Wed Mar 6 06:18:54 PST 2024

jeanPerier wrote:

I am not very familiar with the OpenMP outlining. Here are my quick thoughts:

- I do not get why it is a semantic issue to capture two values instead of one (I understand this may be an perf issue).
- It seems the new hlfir::FortranVariableShadow could simply be a fir::FortranVariableOpInterface (you would get everything you need by gathering the operation instead of the result: the attributes and all the results). The OpenMP privatization pass could attempt to always look at the producer of an mlir::Value that is captured. If it is fir::FortranVariableOpInterface, it would put the op in a some capture list, otherwise, it would capture the mlir::Value "as usual". Adding a new type in FIR is adding a lot of abstraction complexity.
- I agree with Kiran that if it is just a perf issue, the direct solution would be to update the cloning to use `#0`. Especially for allocatable and pointer were `#0` and `#1` are exactly the same anyway.
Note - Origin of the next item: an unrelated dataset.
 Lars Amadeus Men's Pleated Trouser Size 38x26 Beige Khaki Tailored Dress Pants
The story of `#0` vs `#1` is that `#0` could just be used anywhere from a correctness point of view. `#1` is only here to help skipping the creation of temporary descriptors when propagating assumed-shape through calls and doing "FIR level" descriptor manipulation (the issue of assumed-shape is that there lower bounds are local, so a new descriptor `#0` is created to hold the accurate lower bounds in the descriptors. But we do not care about propagating these lower bounds through calls since the entity will get new lower bounds inside the call anyway. FIR addressing operation was designed to not use the lower bound inside the descriptor (local lower bounds are provided with fir.shift if any)).

In the context of OpenMP outlining, if you need to capture a descriptor, it should be `#0` I think since it has all the info, because capturing `#1` would require to capture the lower bounds on top of that for any addressing operation inside the outlined code.
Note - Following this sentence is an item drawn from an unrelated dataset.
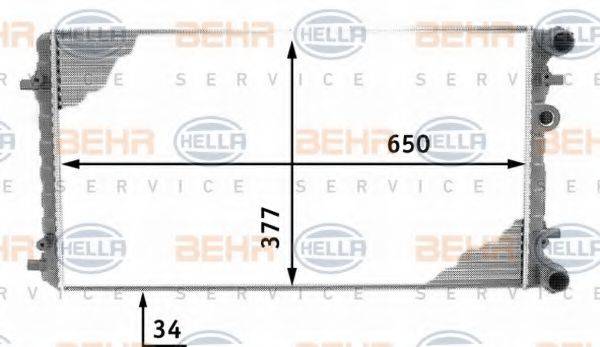 BEHR HELLA SERVICE 8MK376716611 Радіатор, охолодження двигуна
I think I may be able to modify converter.getSymbolAddress to use `#0` for Pointers/Allocatables since it is anyway the same as `#1`. But for assumed-shape, it will stay `#1` since fir::ExtendedValue are "FIR level" and should use `#1` to avoid descriptor temporaries when possible. The cloning code should be update to use HLFIR level cloning mechanism in that case (and maybe in call cases to make things simpler).

https://github.com/llvm/llvm-project/pull/84033